START DATA PROVIDED

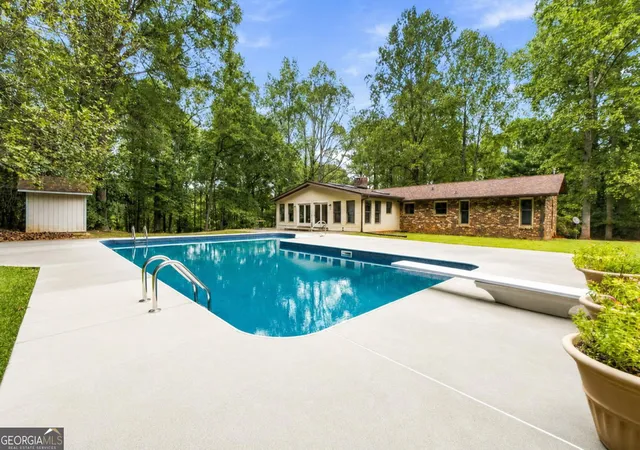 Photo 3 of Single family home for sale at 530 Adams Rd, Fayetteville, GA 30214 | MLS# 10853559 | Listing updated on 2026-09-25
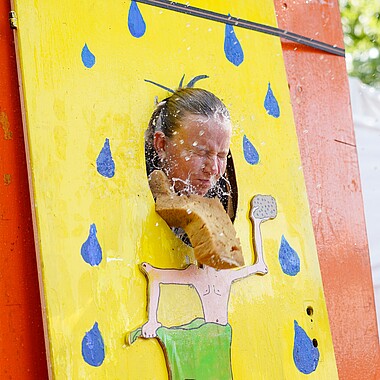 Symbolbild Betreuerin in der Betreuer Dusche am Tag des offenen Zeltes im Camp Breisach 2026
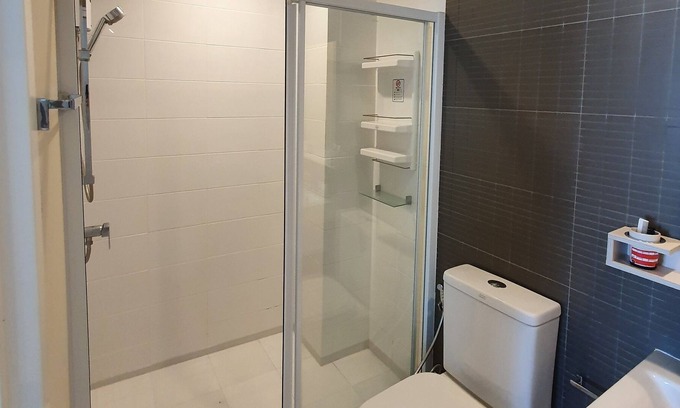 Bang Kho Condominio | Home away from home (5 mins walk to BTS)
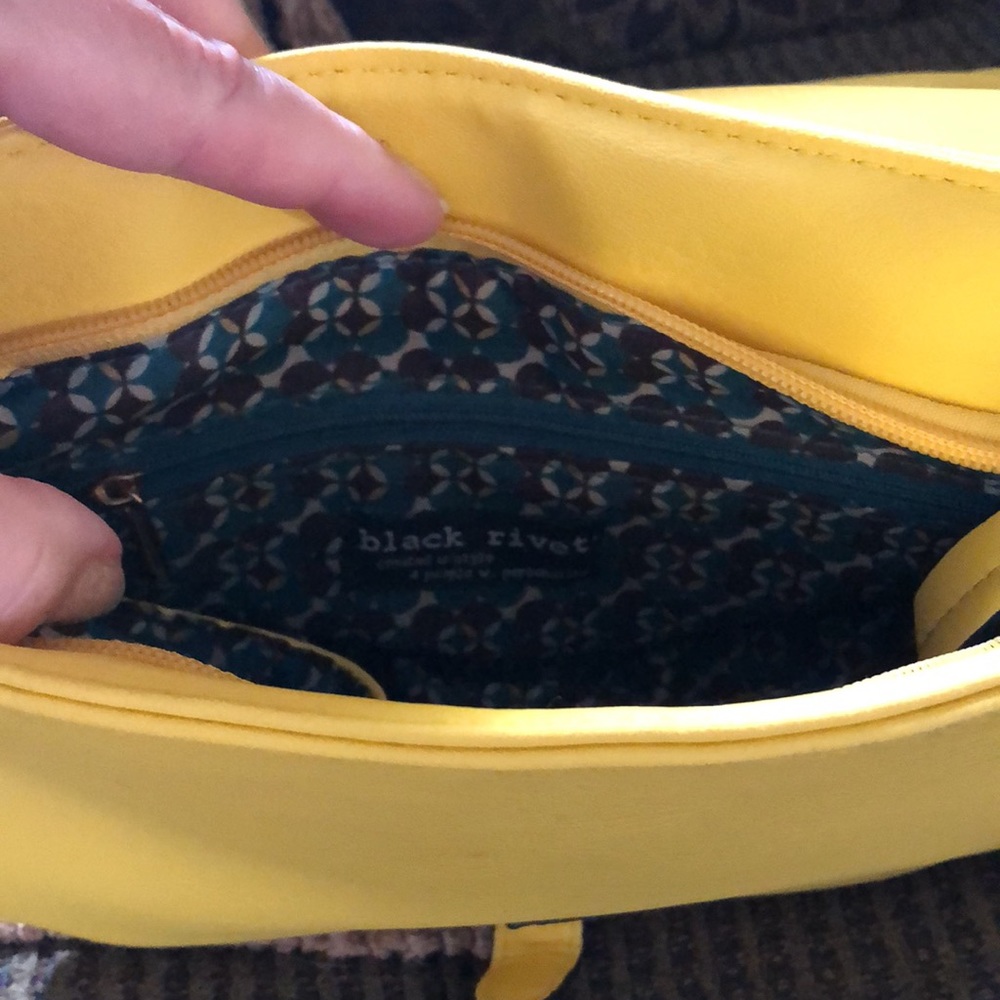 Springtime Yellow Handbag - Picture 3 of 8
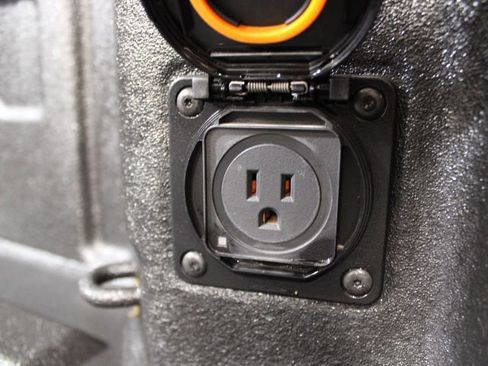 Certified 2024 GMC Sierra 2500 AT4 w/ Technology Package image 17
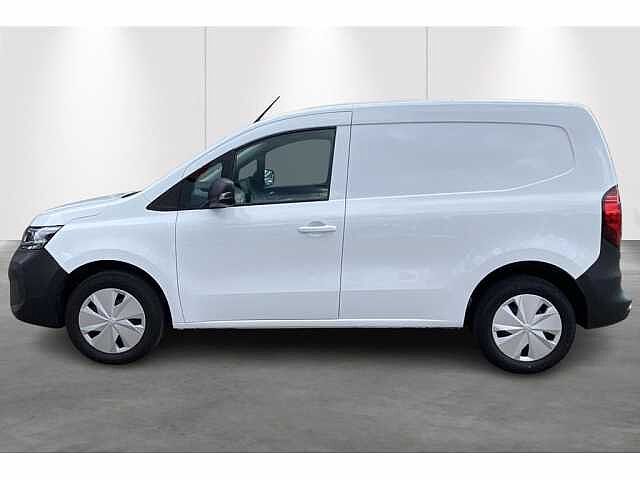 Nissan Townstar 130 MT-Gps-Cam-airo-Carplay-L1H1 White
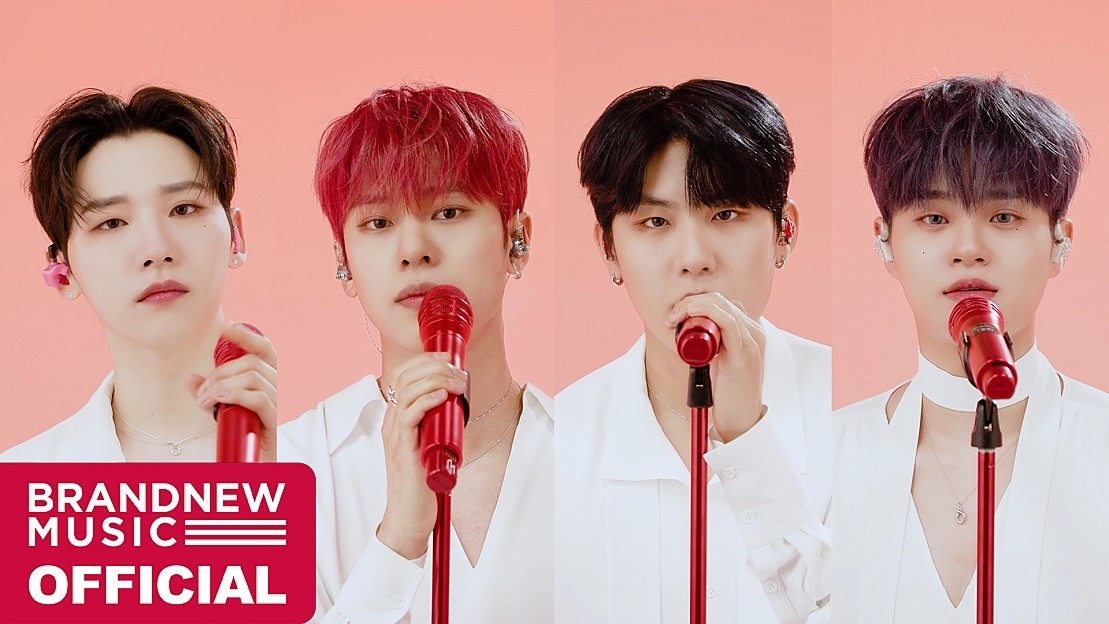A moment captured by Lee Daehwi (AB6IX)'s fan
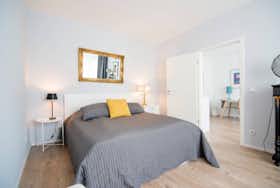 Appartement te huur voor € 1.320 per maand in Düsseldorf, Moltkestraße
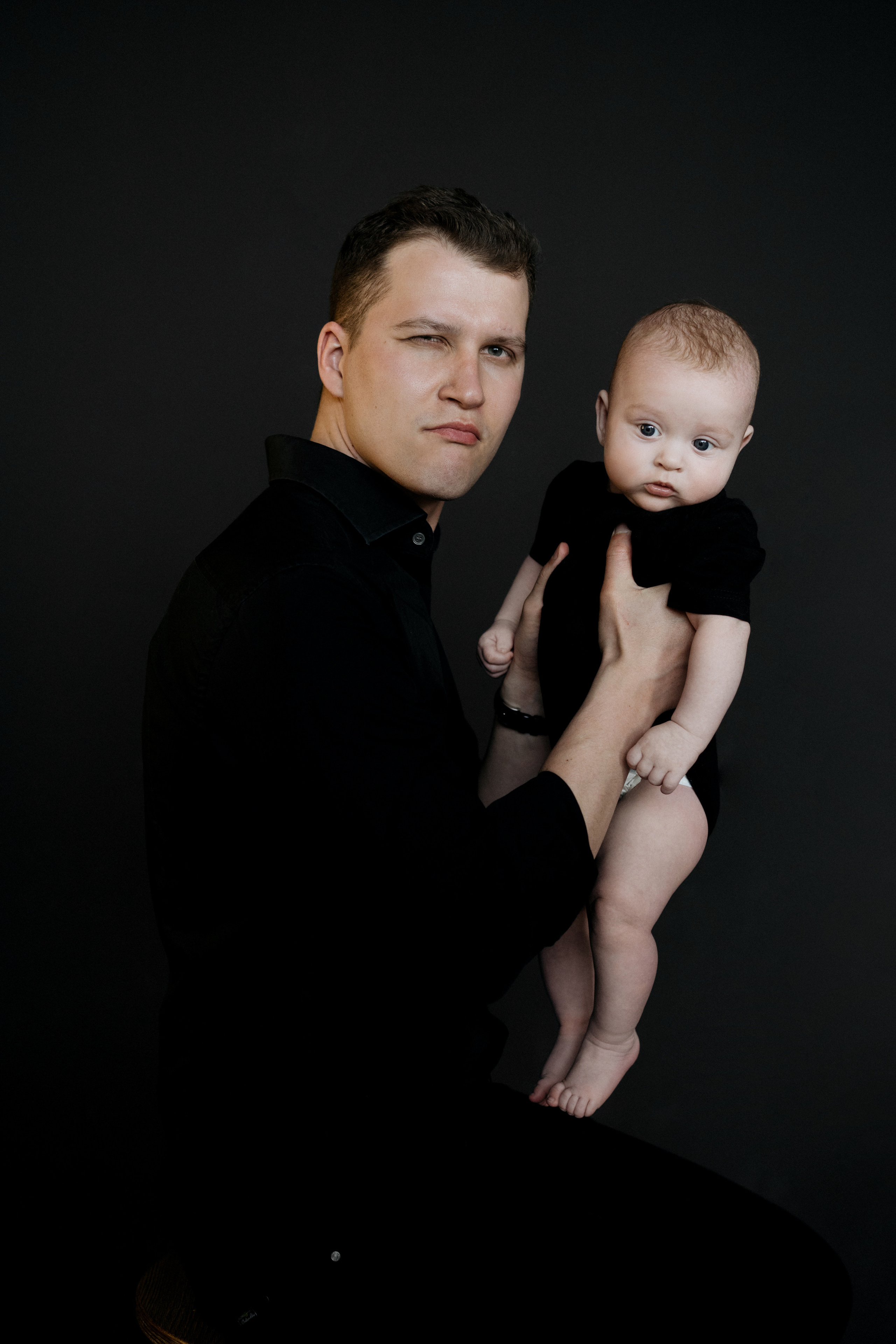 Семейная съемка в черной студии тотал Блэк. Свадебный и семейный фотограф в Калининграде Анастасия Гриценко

END DATA PROVIDED

TASK ITEM - Pictures aren't part of the copy; return each record above exactly.

ANSWER AREA -
 Photo 3 of Single family home for sale at 530 Adams Rd, Fayetteville, GA 30214 | MLS# 10853559 | Listing updated on 2026-09-25
 Symbolbild Betreuerin in der Betreuer Dusche am Tag des offenen Zeltes im Camp Breisach 2026
 Bang Kho Condominio | Home away from home (5 mins walk to BTS)
 Springtime Yellow Handbag - Picture 3 of 8
 Certified 2024 GMC Sierra 2500 AT4 w/ Technology Package image 17
 Nissan Townstar 130 MT-Gps-Cam-airo-Carplay-L1H1 White
A moment captured by Lee Daehwi (AB6IX)'s fan
 Appartement te huur voor € 1.320 per maand in Düsseldorf, Moltkestraße
 Семейная съемка в черной студии тотал Блэк. Свадебный и семейный фотограф в Калининграде Анастасия Гриценко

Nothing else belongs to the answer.